Chaque cas suscite des discussions passionnées entre amis et en famille.
Régulièrement, il se trouve un ou plusieurs pour tomber à bras raccourcis sur le malheureux pour affirmer qu’un tel aurait une connaissance qui lui a confirmé que… et les rumeurs vont bon train. Les commentaires partagés sur les réseaux sont sidérants de propos haineux, d’une violence inouïe.
Ah, la schadenfreude, ce mot allemand si délicieusement complexe, que l’on pourrait traduire en arabe par chmata, n’a jamais été aussi partagé dans notre société. Ce sentiment, qui nous pousse à savourer les malheurs d’autrui, est un témoignage de notre mal-être, d’un environnement toxique… des aspects les plus sombres de notre société.
La schadenfreude, en tant que miroir de nos ombres, nous renvoie à nos propres frustrations. Actuellement, elle met en lumière une société en quête de sens, où les discours de haine et de division s’épanouissent, favorisant une culture où le malheur des autres devient une source de joie morbide pour certains.
Les conséquences de la chmata ne se limitent pas à des effets individuels ; elles fragilisent la société dans son ensemble. Une communauté qui se réjouit des malheurs d’autrui crée un climat de méfiance et d’isolement, freinant l’émergence d’initiatives.
Dans notre société et en particulier depuis quelques temps, il n’est pas rare d’entendre des figures politiques qui, tels des charognards, se nourrissent de la souffrance des autres, exploitant cette joie malsaine pour se maintenir au pouvoir. "Tous pourris" est un slogan que les populistes exploitent pour dissimuler leur incapacité à répondre aux problèmes de la société.
Se réjouir du malheur d’une personne, quand bien même elle serait en faute, est un travestissement de la justice.
La justice ne doit jamais être synonyme de vengeance ou de règlement de comptes.
La présomption d’innocence ne doit pas être bafouée, notamment par ceux qui sont au pouvoir.
Or, certains partis politiques et autres parlementaires, après la Révolution, ont sali et dénigré à tout va, transformant les malheurs d’autrui en un spectacle.
La joie provoquée par la chute de quelqu’un, surtout s’il est connu, est, pour les esprits chagrins, une manière de se donner un peu de consistance. Lancer des rumeurs sur ceux qui sont à terre, incapables de se défendre, est une violence inouïe.
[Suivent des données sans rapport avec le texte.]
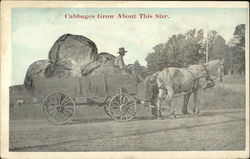 Cabbages Grow About This Size Exaggeration Postcard Postcard Postcard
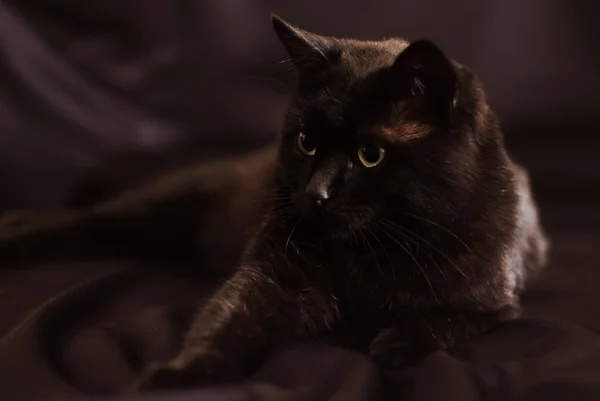 Black cat on a black background — Stock Photo, Image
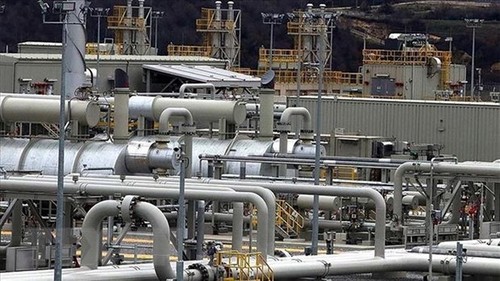 Turkey to host natural gas summit in Feb - ảnh 1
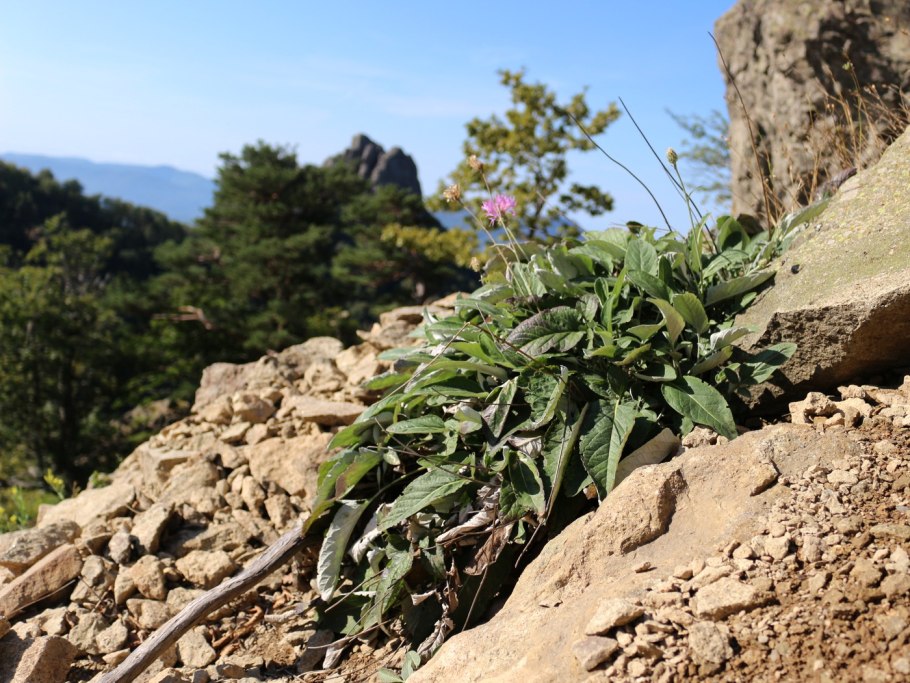 Трава Марь цельнолистная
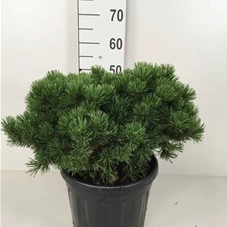 Pinus mugo 'Mops' - Nadeln - Koniferen, C 20 40- 45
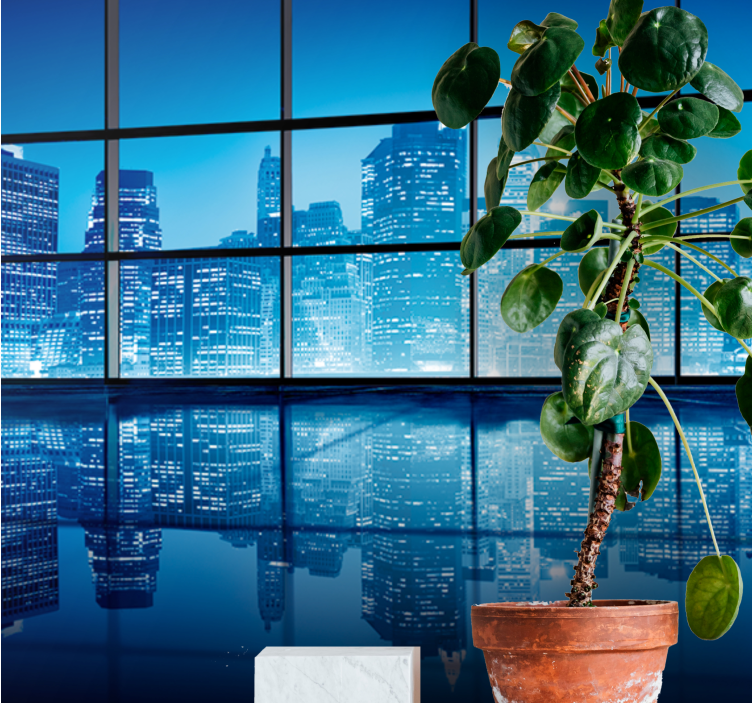 Fotomurale città riflesso di notte urbana - TenStickers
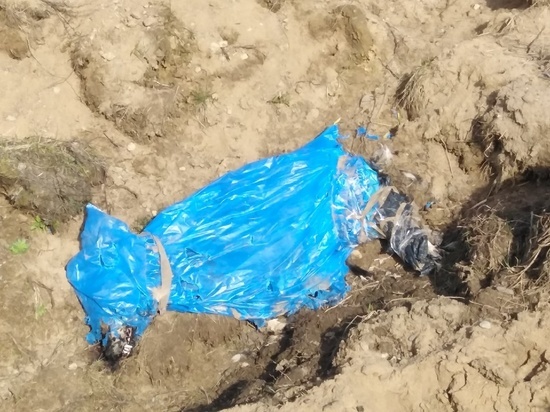 В Тверской области нашли завёрнутый в пакет труп пса с замотанными лапами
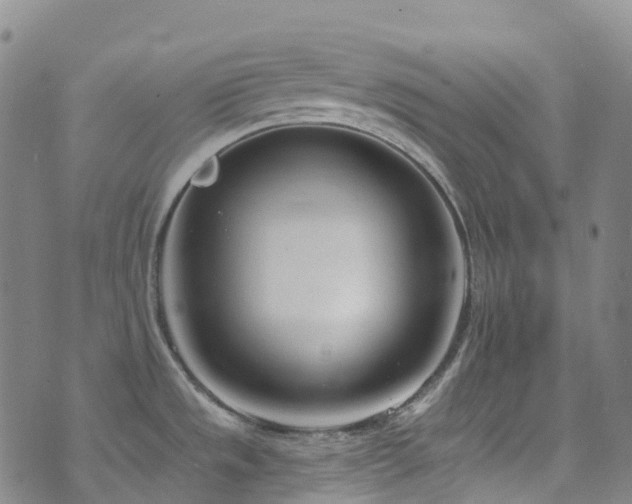 X0000074941533200609011103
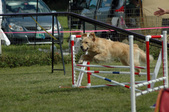 Enlarge photo 90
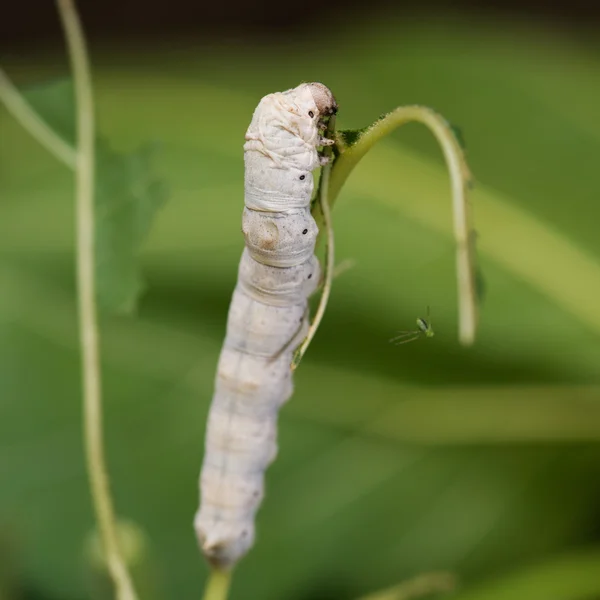 Seidenraupe — Stockfoto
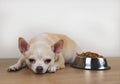 brown Chihuahua dog lying down by the bowl of dog food and ignoring it.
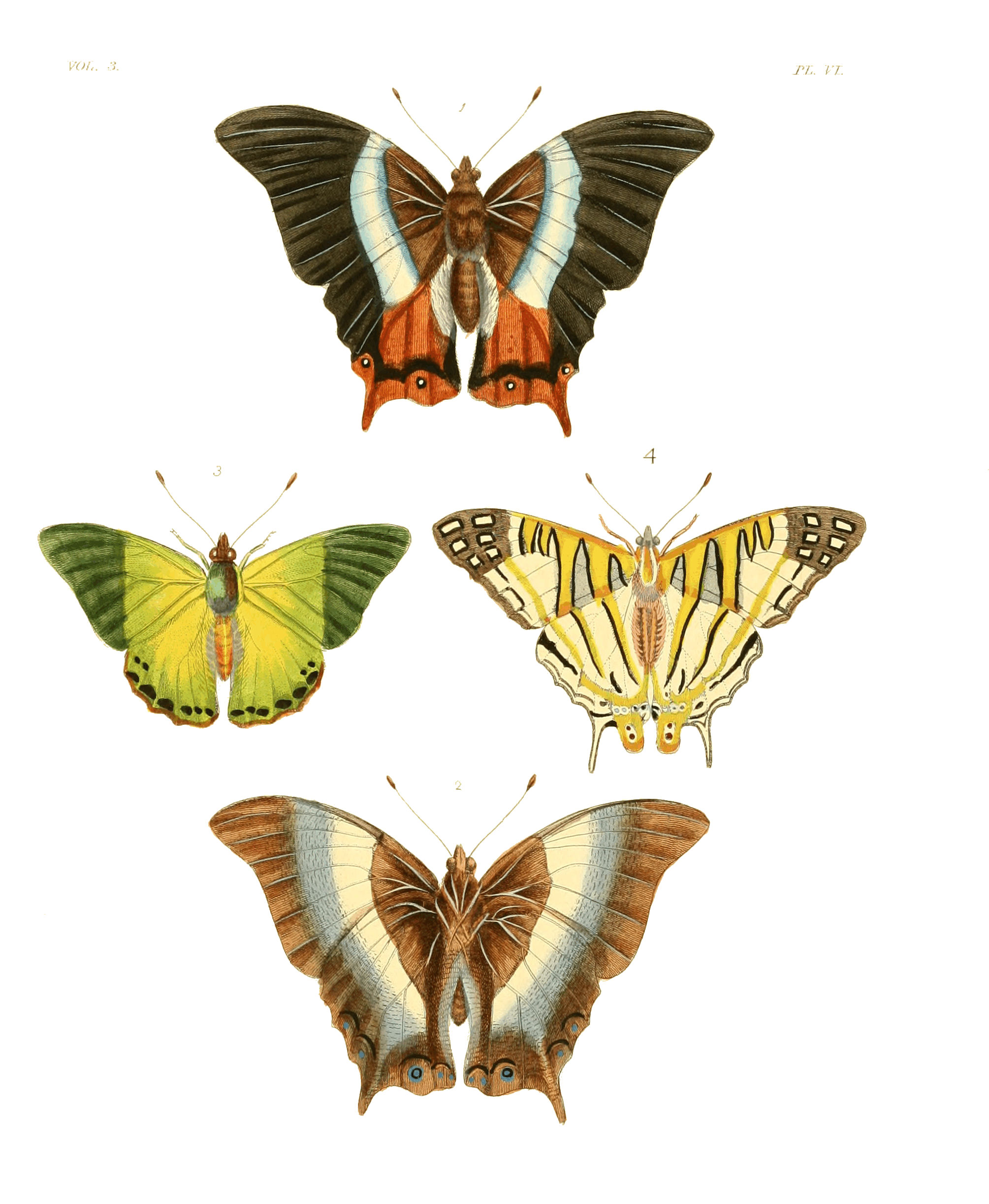 Illustrations of Exotic Entomology III 06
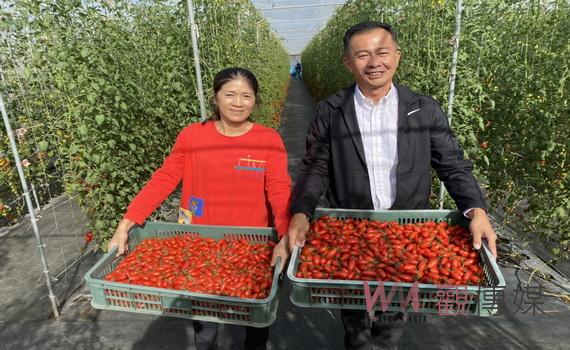 觀光客走進來農特產配送出去 新科鄉長賴志銘從觀光果園串起大村休閒產業鏈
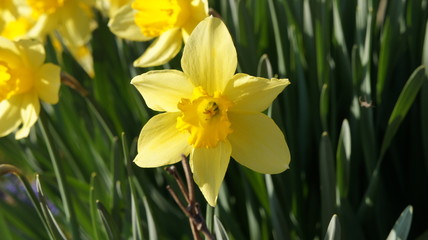 Narcissus yellow flower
Ce phénomène ne se limite pas à la sphère politique ; artistes, sportifs, hauts fonctionnaires et hommes d’affaires de tous horizons en sont victimes, un constat alarmant qui révèle notre incapacité actuelle à bâtir une démocratie.
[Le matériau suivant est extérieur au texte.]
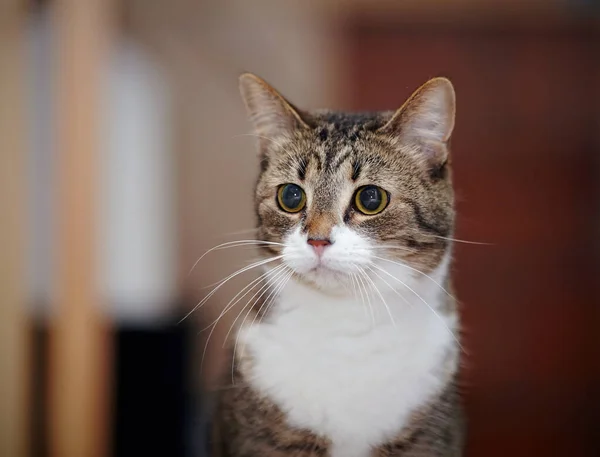 Porträt Einer Gewöhnlichen Gestreiften Hauskatze Stockbild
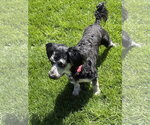 Small #2 Poodle (Miniature) Mix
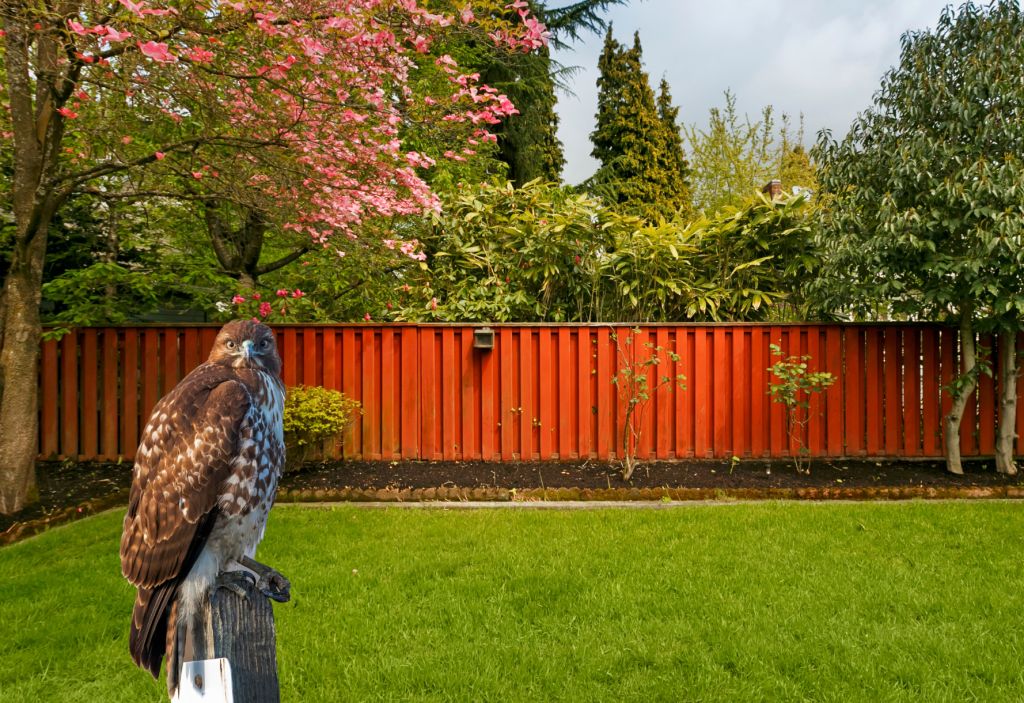 how to attract hawks to your yard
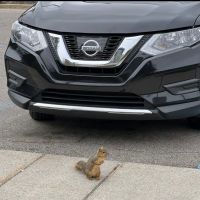 Car Center Collision Repair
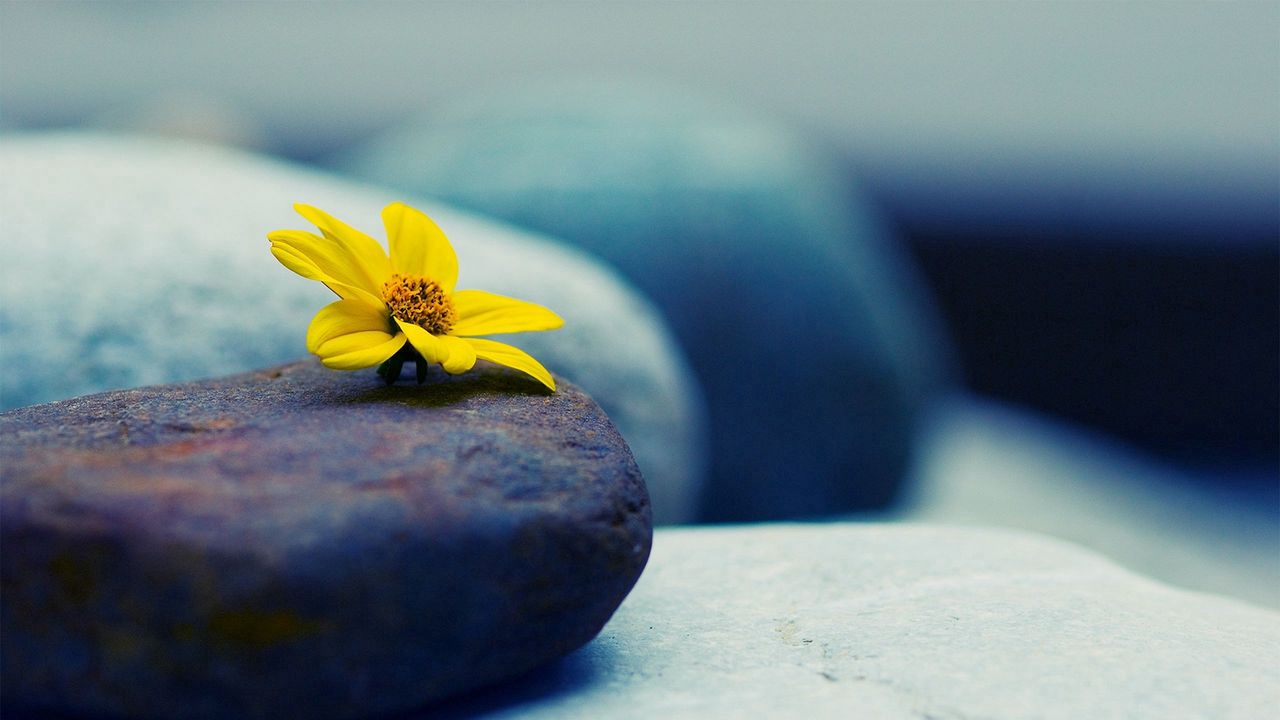 Wallpaper stone, flower, petals, yellow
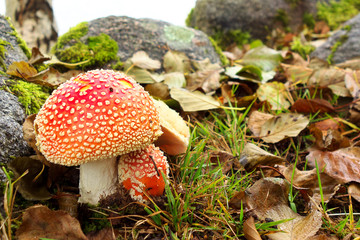 Amanite tue-mouches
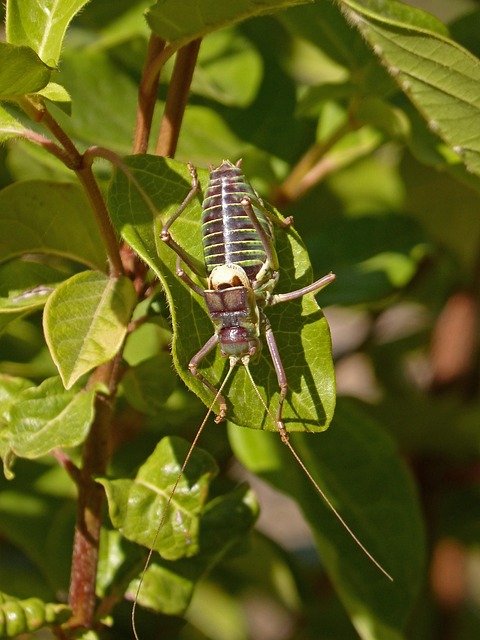 clinicas del dr cazares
Dans notre société, toute réussite est suspecte aux yeux de ceux qui ont tout raté.
Certains médias ne sont pas en reste ; en exacerbant ces sentiments de revanche, ils gagnent certes des audiences, mais au prix de leur intégrité. Les images de ce journaliste, coutumier du fait, bavant sur l’honneur d’un banquier qui a été plus tard innocenté, nous hantent encore. C’est simplement odieux. Dans ce climat, la présomption d’innocence se transforme en une farce, où les vérités sont étouffées par les rumeurs malveillantes et par la parole du plus fort.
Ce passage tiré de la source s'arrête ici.